> [DATA]

——

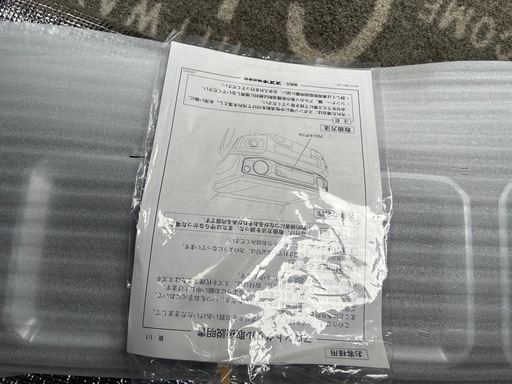 新車外し　ジムニーノマド　純正グリル　2026/3/38納車　　ガレージ保管　純正クリップ付き　取り付け説明書付き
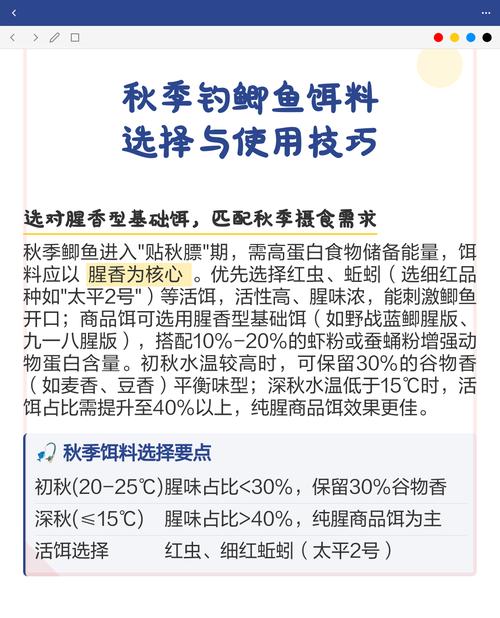 天冷水涼釣鯽魚餌料推薦_如何選擇正確的釣鯽魚餌料必看_冬季低水溫鯽魚餌料配方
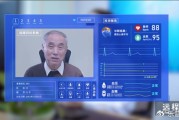 2026年4月8日 门诊助手AI搜索资料：Spring AI MCP协议全解析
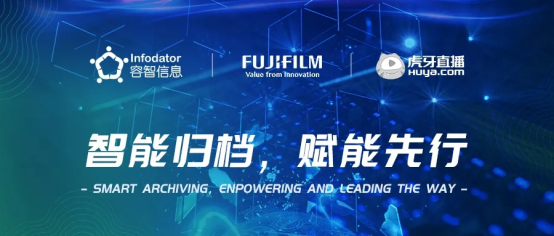 案例｜容智信息攜手富士膠片商業(yè)創(chuàng)新，賦能虎牙實(shí)現(xiàn)自動(dòng)化轉(zhuǎn)型！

——

> [WORK ITEM] Begin at the line containing "天冷水涼釣鯽魚餌料推薦_如何選擇正確的釣鯽魚餌料必看_冬季低水溫鯽魚餌料配方" and stop at the final line of the data. Retype those lines exactly, without the pictures.

> [EXERCISE SOLUTION]
 天冷水涼釣鯽魚餌料推薦_如何選擇正確的釣鯽魚餌料必看_冬季低水溫鯽魚餌料配方
 2026年4月8日 门诊助手AI搜索资料：Spring AI MCP协议全解析
 案例｜容智信息攜手富士膠片商業(yè)創(chuàng)新，賦能虎牙實(shí)現(xiàn)自動(dòng)化轉(zhuǎn)型！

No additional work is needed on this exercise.